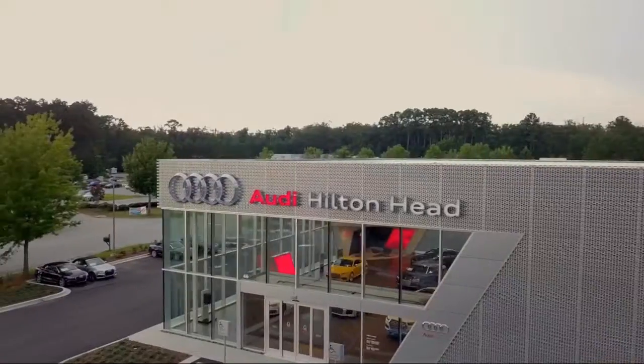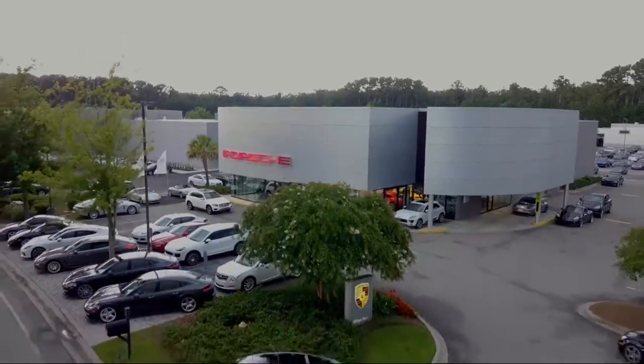Welcome to the Peacock Auto Mall, and here's a look at another one of our great vehicles from our extensive inventory.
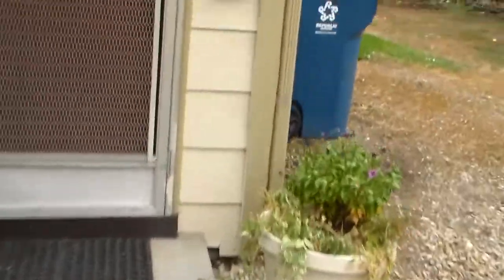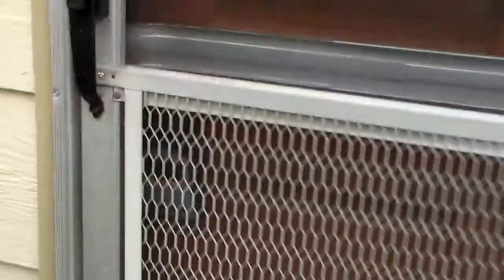Welcome home to 303 Peasley Street. This is a two-bedroom, one-bathroom with a bonus room in the basement.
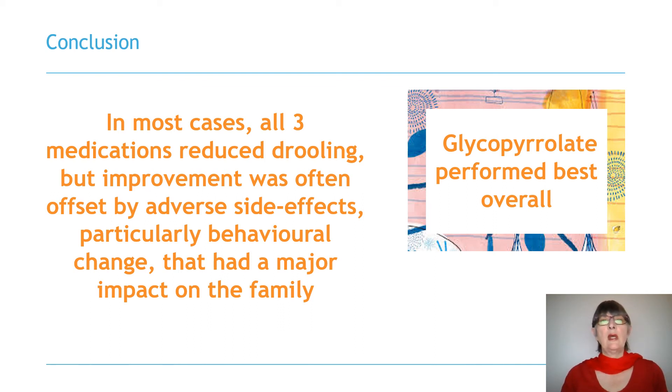In doing this study, we aimed to make available important information about what to expect in terms of rates of success in reducing drooling, rates, type and impact of adverse side effects, and treatment compliance in a real world clinical setting. Before embarking on medication, we believe it is important for families to be carefully counseled about side effects so that they can weigh up the likely benefits versus the potential harms. For those with severe motor impairment who are often already on multiple medications, choosing a preparation that works with fewer side effects is imperative.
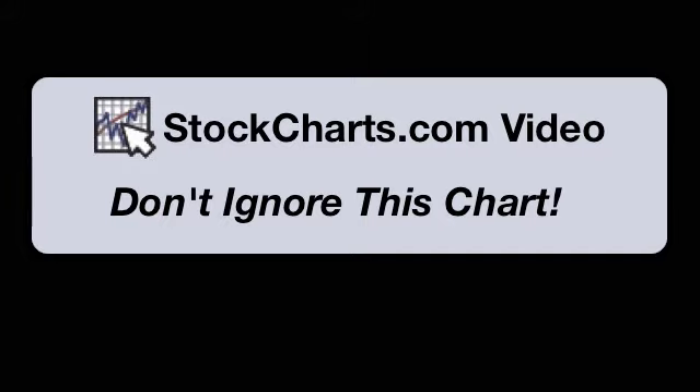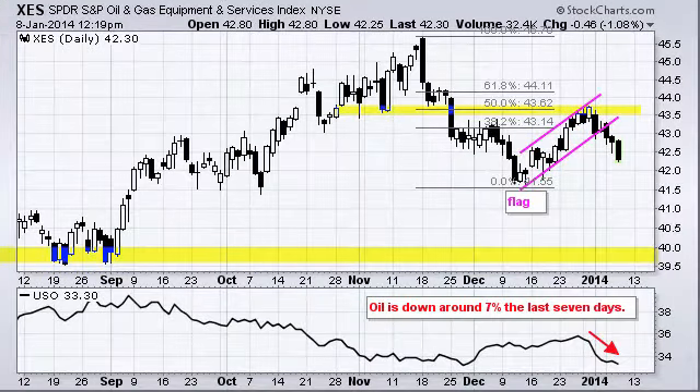Hello, this is Arthur Hill with StockCharts.com. It is Wednesday, January 8th, and you're tuned into Don't Ignore This Chart. Today we're going to look at the S&P Oil and Gas Equipment Services SPDR, XES, and this one is having a bad year so far.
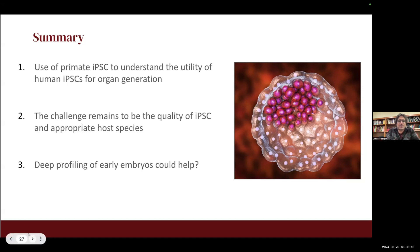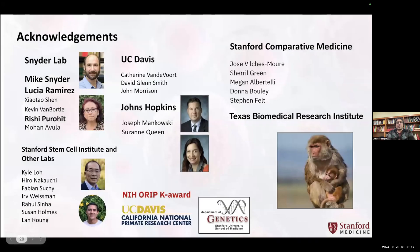I would be happy to thank all the collaborators, including those at Stanford and Johns Hopkins University and the Snyder Lab, which was the main group I've been affiliated with over the last several years. Happy to take questions. Thank you.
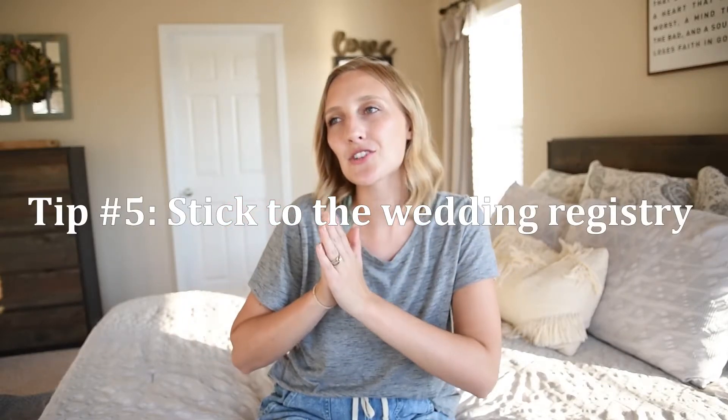Tip number five: stick to the registry. Some people think they know the bride and groom better than the bride and groom know themselves, and just know they need something they didn't register for. When my husband and I got married, the first five gifts we opened after the wedding were off registry — I'm talking bedding, I'm talking wall decor. Stick to the registry, or gift cards, or cash.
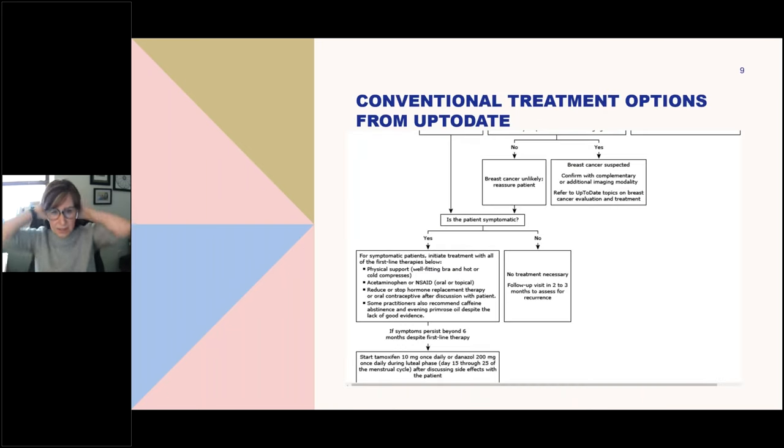Currently the model — from UpToDate — is: if someone has a breast lesion and a negative mammogram, just reassure the patient. If they're having symptoms, recommendations are palliative — helping with pain, stopping HRT, and primrose oil actually made the cut on UpToDate. But then the next tier essentially is tamoxifen, which is a very serious medication. For fibrocystic breasts or non-proliferative benign breast disease, tamoxifen would not be my favorite choice. There's a huge white space for functional medicine to offer options for benign breast diseases.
▬▬▬
Exactly as written above, retype the lines starting at the one holding "Welcome home to" and ending at the one holding "Tip number five: stick", both included, but not the pictures.

# Solution to this exercise
Welcome home to 303 Peasley Street. This is a two-bedroom, one-bathroom with a bonus room in the basement.
In doing this study, we aimed to make available important information about what to expect in terms of rates of success in reducing drooling, rates, type and impact of adverse side effects, and treatment compliance in a real world clinical setting. Before embarking on medication, we believe it is important for families to be carefully counseled about side effects so that they can weigh up the likely benefits versus the potential harms. For those with severe motor impairment who are often already on multiple medications, choosing a preparation that works with fewer side effects is imperative.
Hello, this is Arthur Hill with StockCharts.com. It is Wednesday, January 8th, and you're tuned into Don't Ignore This Chart. Today we're going to look at the S&P Oil and Gas Equipment Services SPDR, XES, and this one is having a bad year so far.
I would be happy to thank all the collaborators, including those at Stanford and Johns Hopkins University and the Snyder Lab, which was the main group I've been affiliated with over the last several years. Happy to take questions. Thank you.
Tip number five: stick to the registry. Some people think they know the bride and groom better than the bride and groom know themselves, and just know they need something they didn't register for. When my husband and I got married, the first five gifts we opened after the wedding were off registry — I'm talking bedding, I'm talking wall decor. Stick to the registry, or gift cards, or cash.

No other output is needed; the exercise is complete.